Ce n’est pas la seule chose dont elle se méfie. L’idée que les documents officiels et l’État de droit soient remis en question l’est tout autant. En Amérique, les banques s’effondrent, l‹ «aléa moral» rôde, et puis il y a les AT1. À long terme, la question est de savoir dans quelle mesure les gouvernements interviendront dans les décisions des marchés financiers».

Berthelot, d’Ostrum AM, affirme que le risque est en fait idiosyncratique, avec les petites banques américaines d’un côté et la réglementation du secteur bancaire européen de l’autre. Heureusement, le vent semble avoir tourné. La crise a été parfaitement gérée. Il n’y a pas de moment Lehman, il n’y a pas de chaos. Oui, il y a de la nervosité, il y a des points d’interrogation sur la documentation de l’AT1. Mais même si le marché est difficile, il fonctionne. Et cela rend la vie des investisseurs obligataires beaucoup plus attrayante que ces années de taux d’intérêt très bas. Ce travail a toujours été ennuyeux, mais c’est maintenant qu’il faut le refaire».

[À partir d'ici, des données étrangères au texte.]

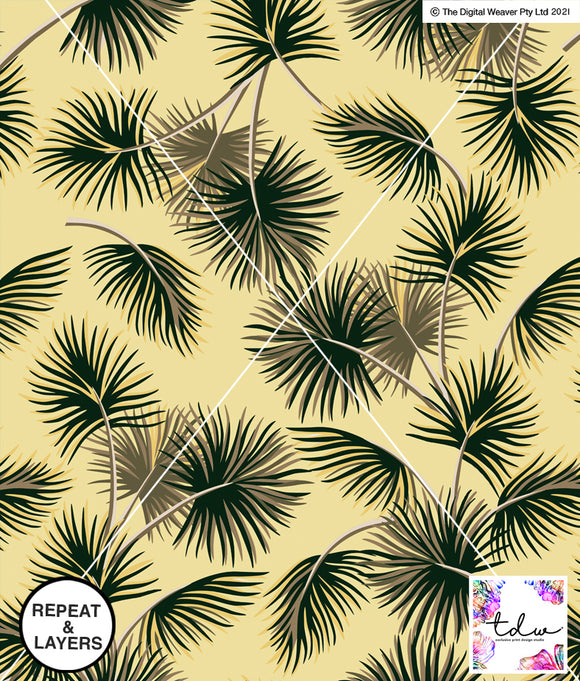 TDW3264_MA084 Fan Palm Tropics Leaf Exclusive Print Design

M. Stokes parle également d’une période intéressante pour les investisseurs obligataires. Les obligations ont été réévaluées et sont plus attrayantes que tous les autres placements possibles. Je n’ai jamais aimé travailler les week-ends, mais maintenant je m’amuse.

Investir dans les cocos

Tous les investisseurs ne sont pas de cet avis. M. Collet, de DNCA, craint que «2023 ne soit pas l’année des obligations». Nous sommes en train de changer de régime d’inflation. Cela a des conséquences importantes pour les obligations, car elles ne pourront offrir qu’une faible protection. Elles resteront volatiles et je pense également que la corrélation avec d’autres classes d’actifs augmentera à nouveau. Le jour précédent, M. Collet avait suggéré à un investisseur américain que les fonds du marché monétaire étaient préférables aux bons du Trésor. Les bons du Trésor à long terme rapportent 3,5 %, les fonds du marché monétaire 5 %. Dans l’ensemble, nous sommes négatifs sur les durées».

Le plus grand risque, selon l’investisseur de DNCA, est un échec de la politique monétaire entraînant une récession majeure. Maintenant que les banques centrales sont conscientes du problème du secteur bancaire, elles peuvent certainement mettre l’économie à l’arrêt». 

Berthelot, d’Ostrum AM, voit des opportunités dans le domaine des obligations, notamment dans les ABS et les obligations indexées sur l’inflation. Aux investisseurs dans les cocos, il conseille d’être constructif et sélectif. Le secteur bancaire européen est solide et fiable. Un investisseur rationnel demandera toutefois une prime plus élevée pour les AT1 suisses que pour les autres banques». 

Stokes : «Le prix des Cocos n’était pas bon parce que les gens cherchaient tellement à obtenir des rendements. Aujourd’hui, les gens comprennent les risques de l’AT1 et son prix est à nouveau bon. Cela en fait une classe d’actifs plus facile à investir». Revenant sur le manque de liquidité, elle précise que la volatilité peut aussi parfois être source d’opportunités. C’est lorsqu’il y a des bonnes affaires qu’il faut construire son portefeuille à long terme.